Yo lo admiraba; lo veneraba. En casa tengo toda su obra, en cuerina y con su nombre dorado. Por eso me acerqué a él durante la presentación de sus Obras Completas; por eso acepté ir a su departamento. Él, creo, me invitó por otros motivos.
— ¿Y, muchacho? ¿Te sentís a gusto?
Observé la copa en mis manos, me dejé distraer por la manera en que la suave luz del estudio penetraba en el vino y le arrancaba reflejos de sangre. Estaba ofuscado, lo reconozco, ciego por el privilegio de estar ahí, en el estudio del único escritor famoso que al consumar su ópera magna, reconociéndose incapaz de superar sus logros, había tenido la decencia de quebrar la pluma.
— Sabe, señor...
— Por favor — dijo con media sonrisa— , tuteame.
— Sí. Señor. Si alguien me hubiese dicho que estaría aquí, sentado con usted, señor...
Esta vez rió con ganas.
— Relajáte un poco, querés. No soy tan inaccesible. Lo de mi torre de marfil es un invento del editor para hacerme más “comercial”. La verdad es que me gustan los escritores jóvenes.
— Me impresiona mucho su biblioteca — dije— . Es enorme.
— ¡Ah! Una “biblioteca atiborrada de libros como...”
— “...cadáveres amontonados de amantes despechadas”. Eso es suyo. De “El escritor clandestino”, ¿no?
Me miró con una expresión amable y pensativa.
— Realmente me gustás. Mucho.
Bajé la vista hacia la alfombra persa, luego la paseé por los anaqueles de libros interminables y la detuve en una estatuilla que brillaba sobre su escritorio, una pequeña reproducción en bronce de la Victoria de Samotracia.
— Esa figura — dije señalándola— , ya la vi antes en algún lado.

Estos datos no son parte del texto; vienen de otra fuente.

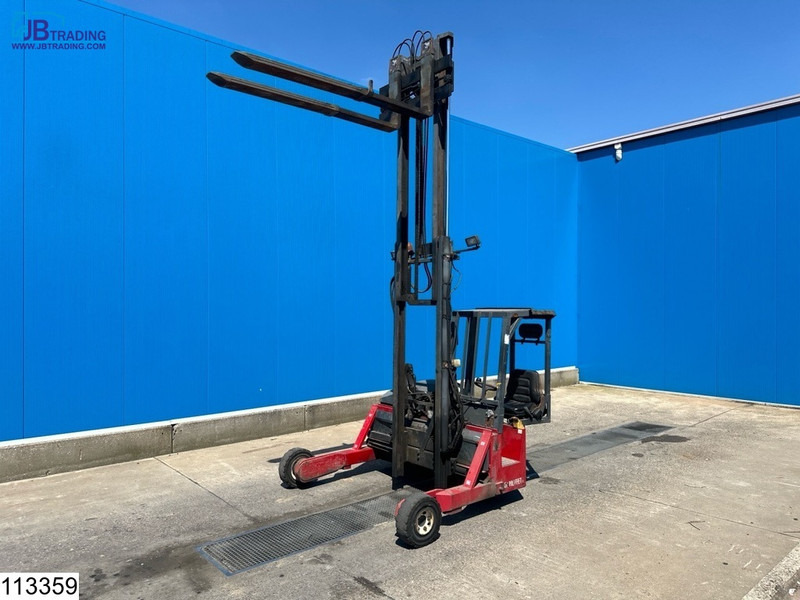 Moffett M4 20.3 3x3, H 3,90 mtr, 2000 KG - Empilhadeira montada em caminhão: foto 1 Moffett M4 20.3 3x3, H 3,90 mtr, 2000 KG - Empilhadeira montada em caminhão: foto 1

— Sería más correcto decir que la leíste en algún lado. Es el pisapapeles de bronce que describo en “Encomienda terminal”.
— ¡Es cierto! Leí ese libro cuando estaba en la secundaria. Me abrió la cabeza.
— Un regalo de mis editores en Grecia... bueno, ya que la apreciás tanto, tal vez te la regale... como souvenir. Cuando termine la noche.
Sirvió café en una taza roja: una pupila negra en un iris carmesí.
— Ya que ésta es noche de confidencias — susurró— , quiero mostrarte algo.
Se levantó, sacó de un cajón una parva de hojas. Me las tendió con expresión traviesa.
Leí. Leí lo que se suponía el nuevo cuento del escritor retirado. Leí párrafos sobrios, adjetivos familiares, historias y personajes que eran reflejos de historias y personajes ya encuadernados.
— Y, ¿qué te parece?
Se me cerró la garganta.
— Pero si ya salieron sus Obras Completas — dije, y me puse de pie— . Yo pensé que no...
— Un escritor de verdad nunca se retira. Nunca. Si yo no escribiese, moriría.
El ojo humeante observaba sin parpadear. Un destello rojizo recorrió el ala de la pequeña Victoria, que ya no estaba en el escritorio sino entre mis dedos.
— Bueno, sigo esperando. ¿Qué te parece mi relato?
Recorrí con la yema los pezones de bronce. La empuñé con fuerza.
Cuando salí a la calle, hacía frío. Me dejé distraer por la manera en que la luna arrancaba reflejos de vino a la sangre en mis manos. Quebrar una pluma no es nada; no son plumas las que deben quebrarse para salvar de la decadencia a un corpus glorioso.
Levanté las solapas del abrigo y enfilé a casa, a gozar de esas páginas revestidas en cuerina y dorado que llevan el título certero, terminal, de Obras Completas.